ケンカした日も 泣きあった日も それぞれ彩(いろ)咲かせて
Kenka shita hi mo, naki atta hi mo, sorezore iro*** sakasete
真っ白なこころに 描かれた未来を まだ書き足していくんだ
Masshirona kokoro ni, egakareta mirai wo, mada kakitashiteikunda

誰かのために生きること 誰かの愛を受け入れること
Dareka no tame ni ikiru koto, dareka no ai wo ukeireru koto
そうやって いまを ちょっとずつ 重ねて
Sô yatte, ima wo, chotto zutsu, kasanete
喜びも 悲しみも 分かち合えるように
Yorokobi mo, kanashimi mo, wakachiaeru yô ni

思いあうことに幸せを あなたと見つけていけたら
Omoiau koto ni shiawase wo, anata to mitsuketeiketara
ありふれたことさえ 輝きをいだくよ ほら その声に 寄り添っていく
Arifureta koto sae, kagayaki wo idaku yo, hora, sono koe ni, yorisotteiku

“あいしてる” って伝えたくて あなたに伝えたくて
"Aishiteru" tte tsutaetakute, anata ni tsutaetakute
かけがえのない手を あなたとのこれからを わたしは 信じているから
Kakegae no nai te wo, anata to no kore kara wo, watashi ha shinjiteiru kara
“ありがとう”って言葉をいま あなたに伝えるから
"Arigatô" tte kotoba wo ima, anata ni tsutaeru kara
繋がれた右手は 誰よりも優しく ほら この声を受け止めてる
Tsunagareta migi te ha, dare yori mo yasashiku, hora, kono koe wo uketometeru

Traduction personnelle

"Merci", c'est ce que je voudrais transmettre. Je te couve du regard mais,
De ta main droite que je tiens, plus douce que celle de quiconque, allez, reçois ce message !

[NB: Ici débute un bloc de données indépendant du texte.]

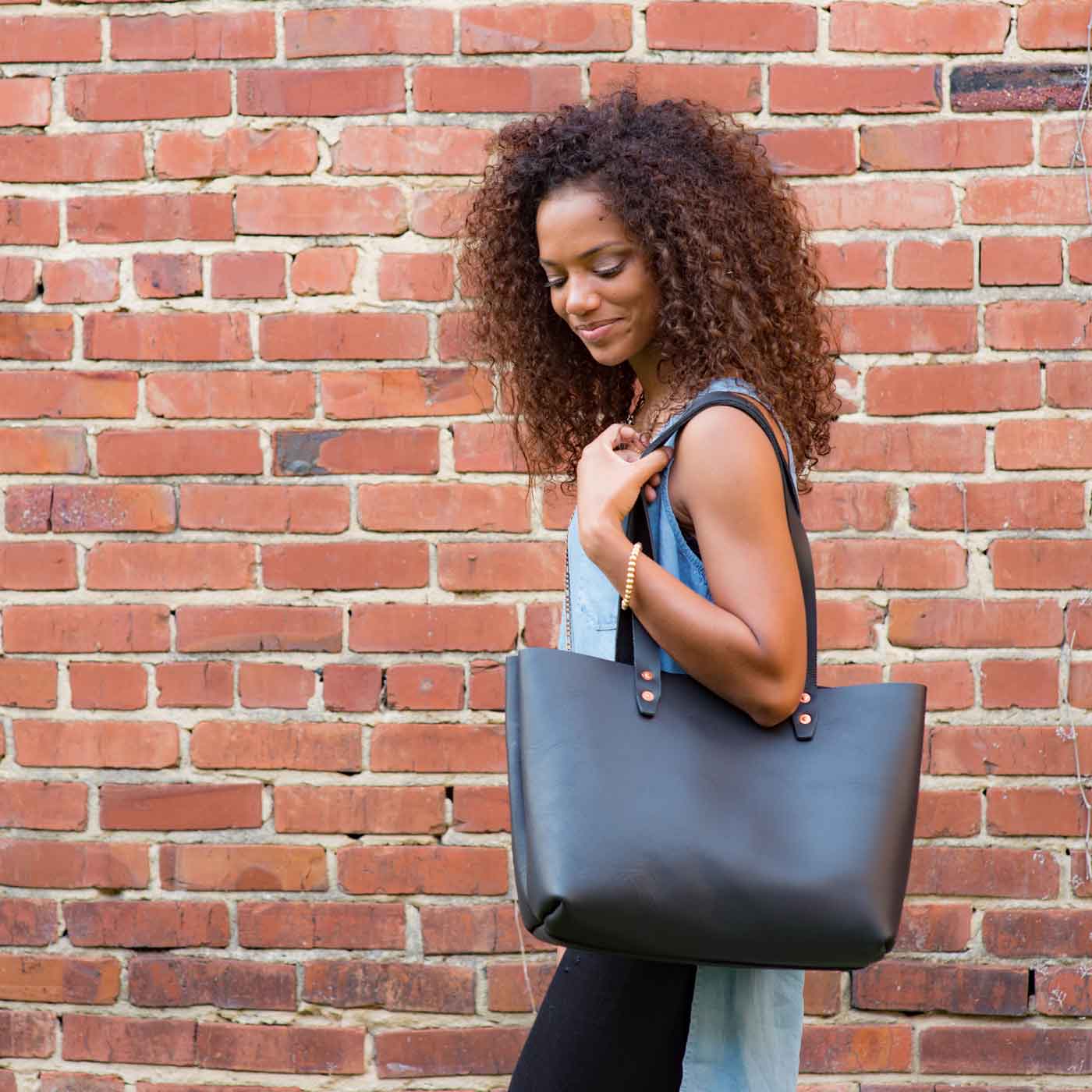 A woman carries the Urban Tote in Black over her shoulder.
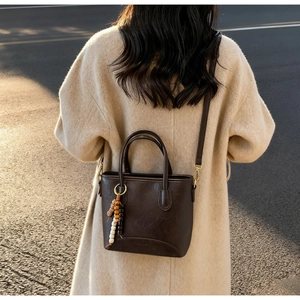 Close-up of vintage brown leather bucket bag with beaded tassel and gold hardware
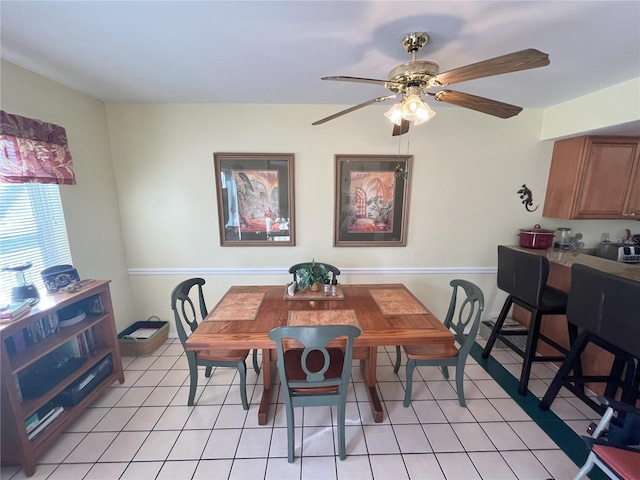 tiled dining room with ceiling fan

Dans le matin éblouissant, d'un sourire amer, tu ouvres la fenêtre.
L'avenir qui nous a été soudain donné nous a enseigné le début, mais nous sortons toujours dans le même quartier.
Notre pâle quotidien à deux s'est accumulé clopin-clopant.
Notre lumière renversée, nous l'avons rassemblée avec soin, et désormais elle commence à resplendir.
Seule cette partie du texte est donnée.